One of the ragged collection of rocks called Carreg yr Esgob, just outside Porthlysgi, looks as if it is about to break in two. To the south the island of Skomer was still in view, just off the southern tip of St Bride's Bay and I could see 2 tankers over there still waiting their turn to go into Milford.





Photographic ponies on a small patch of grass gave away the fact that I was now on National Trust land again. I think the NT must own just about every scenic headland in this bit of Britain. Perhaps every one.



In front of me was Ramsey Island and its smaller off shore relatives. Between Ramsey and the mainland, Ramsey Sound is an exciting race of water, called colloquially the Bitches, after a rocky point off Ramsey. Facing this, close to the site of an old copper mine at Treginnis, stood a man, clad in waterproofs, with his binoculars trained on the swirling water. I stopped to ask him about the hawk I'd seen hovering and plunging not far away - a kestrel, he told me. His job is observing porpoises - can't be many with his job description - but today's water was going to be too rough to sort out the porpoises from the white horses, so he was happy to give me a brief wildlife advice session. We watched gannets swooping down - apparently these birds follow porpoises, because the cetaceans (showing off now - the word for the sort of creature they are) disturb the same sort of food which the gannets feed on. On Grassholm Island, which I could just make out 8 miles away, there are more than 30,000 pairs of gannets nesting - around 10% of the world population. Gannets nest on only three islands in Britain so, if you see gannets in Cornwall, they come from Grassholm - and will return all the way there after feeding.


At Porthstinian none of the little Ramsey ferries was venturing across the rough water, nor any dare-devil small boats going out over the Bitches. Crossing over the set of cables used for getting supplies to the precipitous Lifeboat Station, the path winds its way round yet another head (Point St John) and into Porth Mawr bay, at last sheltered from the insistent wind.
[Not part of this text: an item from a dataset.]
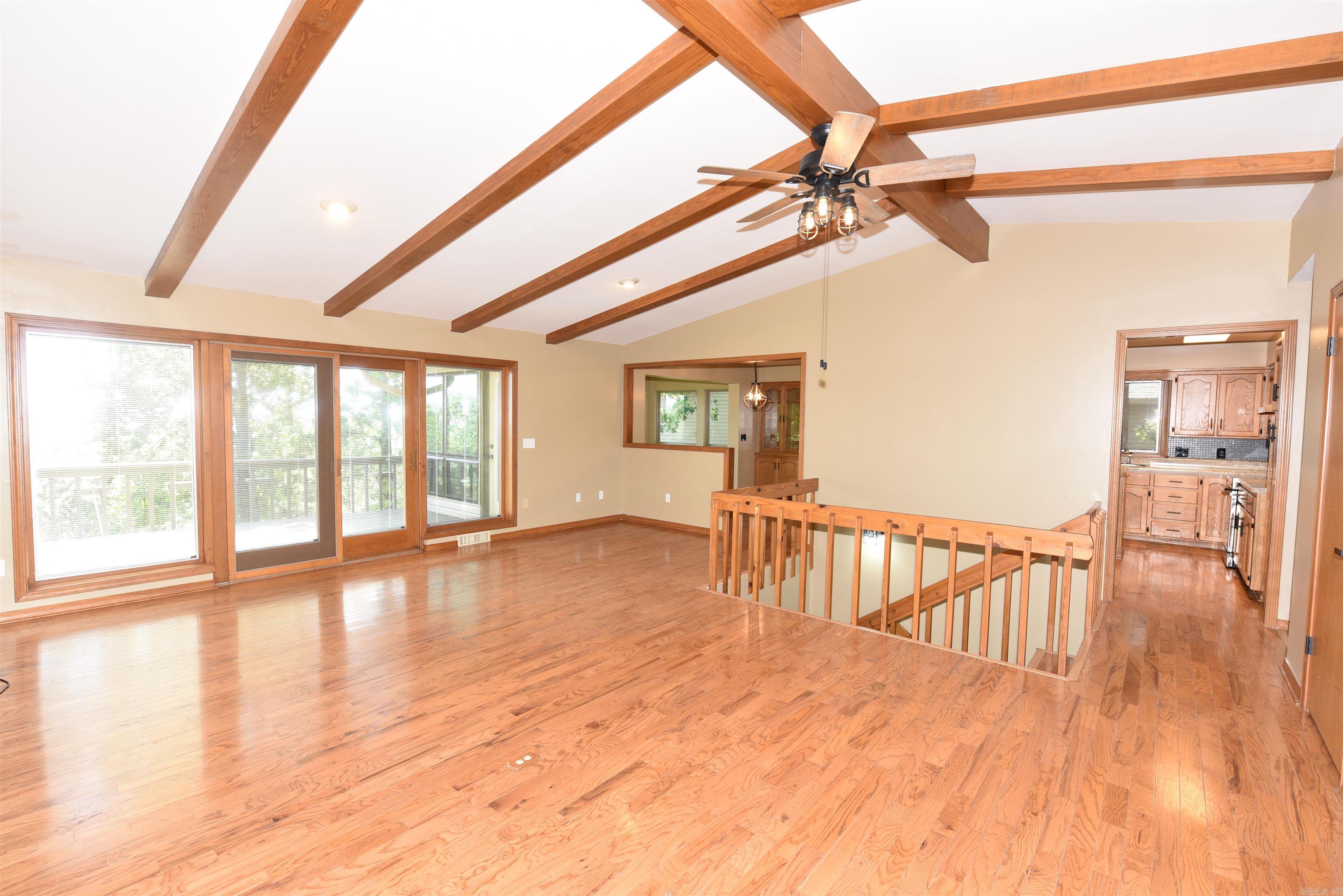 INDIAN HILLS - Residential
Ahead rears the landmark of Carn Llidi - not quite a mountain, but just as charasmatic - which I'd seen all the way back from Martin's Haven, across St Bride's Bay. In the shelter of Porth Mawr bay lie two large sandy beaches. At the first, Porthselau, a group of children had built a huge sandcastle - probably about 3ft tall and one boy was being king of it.

By now the path had filled up with walkers and I was having to stop every 100 yards or so to let people past: time for a break at Whitesands beach, in amongst hundreds of beachgoers, surfers, swimmers, dogs and all (mostly out of this picture!).

The surf was magnificent and I could only admire the surfers who could ride the incoming waves for what seemed like an age.



I followed the path away from Whitesands, past an almost deserted beach at Porthmelgan (no toilets or car park), through a boulder-strewn landscape all the way to Penmaen Dewi (St David's Head), which is a rocky headland, giving an opportunity to wave farewell to Ramsey and Skomer beyond, not to mention the smaller islands a little further out called the Bishops and Clerks - a treacherous area for shipping. In 140AD in a survey of the known world the Romans described Penmaen Dewi as the ‘Promontory of the Eight Perils’.

From an earlier period, Coetan Arthur burial chamber is camouflaged amongst the many boulders. Where there are fewer stones, the heather has spread to make deep purple meadows, but it even makes itself at home on the bare rocks.






The path runs along the length of the base of Carn Llidi, and visible up on the peak there were scores of walkers who had made it to the top.



To my left, the angry Atlantic battered itself against the many cliffs and coves, until I turned a corner and found a rather more sheltered seascape.

I was lucky enough to spot two dolphins or porpoises swimming in one of the less frantic bays along this stretch. This more than justified my recent investment in a pair of binoculars.

My next target was away in the distance: Carn Penberi, another stone-helmeted peak, beyond which lay my car. The guidebook remarked what a pity it was that the walker had to climb over the shoulder of Penberi, and it was indeed a bit like climbing a loft ladder in places.

I was just grateful that the way did not insist that I climb over its head.